Exhibit Categories: CensorshipImperialPostal HistoryPostal Stationery
To prevent the distribution of the ideas of the Great French Revolution of l789-1794 (Liberty, Equality, Fraternity), the Empress Ekatarina II (1729-1790) issued on 16 September l799 a decree about censorship in the towns of St. Petersburg, Moscow, Riga and at Radzivilov. The Emporer Pavel I (1754-1801) increased the number of places that required censorship to include all ports.
On 9 July 1804, Emporer Alexander I (1717-1825) approved the first Russian censorship code. The rules of this code were revised in new issues of this document in l828 and 1890. Other documents regulating the work of censors were also issued.
The first censorship mark appeared in Russia in March 1873 when the Postal Department decreed that all printed issues arriving from abroad must bear the special mark "Д.Ц." (Permitted by Censorship).

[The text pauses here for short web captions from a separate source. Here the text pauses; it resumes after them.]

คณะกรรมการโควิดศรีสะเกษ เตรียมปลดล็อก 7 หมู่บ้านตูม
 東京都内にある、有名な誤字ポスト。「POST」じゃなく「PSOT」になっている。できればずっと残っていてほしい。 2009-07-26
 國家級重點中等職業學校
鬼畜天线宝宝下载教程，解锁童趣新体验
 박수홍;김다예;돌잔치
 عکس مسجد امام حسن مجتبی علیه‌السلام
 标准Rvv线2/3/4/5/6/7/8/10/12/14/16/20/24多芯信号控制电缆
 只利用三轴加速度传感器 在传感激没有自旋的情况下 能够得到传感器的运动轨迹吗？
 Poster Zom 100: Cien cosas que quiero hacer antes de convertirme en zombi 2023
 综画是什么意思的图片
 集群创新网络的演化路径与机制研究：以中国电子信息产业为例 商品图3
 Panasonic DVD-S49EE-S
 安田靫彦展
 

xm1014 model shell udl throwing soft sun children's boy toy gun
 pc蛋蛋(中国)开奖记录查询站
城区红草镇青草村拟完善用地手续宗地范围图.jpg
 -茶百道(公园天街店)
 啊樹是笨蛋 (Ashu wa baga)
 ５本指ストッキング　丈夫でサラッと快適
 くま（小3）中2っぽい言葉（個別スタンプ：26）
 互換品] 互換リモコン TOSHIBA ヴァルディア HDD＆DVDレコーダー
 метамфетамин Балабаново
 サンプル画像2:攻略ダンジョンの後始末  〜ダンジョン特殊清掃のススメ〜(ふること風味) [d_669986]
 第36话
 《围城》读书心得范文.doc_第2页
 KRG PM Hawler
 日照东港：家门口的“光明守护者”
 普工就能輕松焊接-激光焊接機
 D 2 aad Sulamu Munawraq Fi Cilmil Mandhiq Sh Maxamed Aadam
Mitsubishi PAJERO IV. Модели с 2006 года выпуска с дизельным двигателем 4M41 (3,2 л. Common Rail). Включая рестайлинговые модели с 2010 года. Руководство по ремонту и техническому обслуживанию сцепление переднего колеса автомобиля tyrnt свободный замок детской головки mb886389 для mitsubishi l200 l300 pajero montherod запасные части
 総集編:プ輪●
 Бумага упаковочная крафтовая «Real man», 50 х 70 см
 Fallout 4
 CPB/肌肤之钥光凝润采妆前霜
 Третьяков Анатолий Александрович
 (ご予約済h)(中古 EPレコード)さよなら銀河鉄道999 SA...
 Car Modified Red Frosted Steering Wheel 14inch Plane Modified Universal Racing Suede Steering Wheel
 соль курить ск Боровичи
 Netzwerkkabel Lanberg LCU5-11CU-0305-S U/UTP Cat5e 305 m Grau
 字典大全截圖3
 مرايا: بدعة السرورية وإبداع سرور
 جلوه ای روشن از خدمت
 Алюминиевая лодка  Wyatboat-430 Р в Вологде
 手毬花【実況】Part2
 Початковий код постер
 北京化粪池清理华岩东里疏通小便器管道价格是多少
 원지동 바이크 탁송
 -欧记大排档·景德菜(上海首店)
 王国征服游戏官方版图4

Postal censorship dealt only with foreign newspapers and magazines arriving from abroad as printed matter and some letters with printed texts. All other publications including books, advertisements, pricelists, music with words and so on were to be redirected for examination to the Committee of Foreign Censorship, which in the early 1890s was renamed the Central Committee of Foreign Censorship.
In this exhibit, all known types of St. Petersburg censorship marks and stamps on postal correspondence are shown. All of them are scarce and known in single digits and some are very rare, having only been recorded with one or two examples.
The earliest recorded Russian censorship mark of 1876 is exhibited as well as is its variety of 1877 (earlier recorded marks were from 1878 and later). Postal items with combinations of different censorship marks and hand stamps and hand stamps in different colors are also exhibited. Some of them are known only in single numbers. The exhibitor discovered and presents an earlier unrecorded variety of Petrograd military censorship (Type IX). In the exhibit, the author's research and discoveries are marked with the exhibitor's initials (MK). All dates on foreign postmarks are given in the new style (n.s.) and dates on Russian postmarks are given in the old style (o.s.) (13 days behind).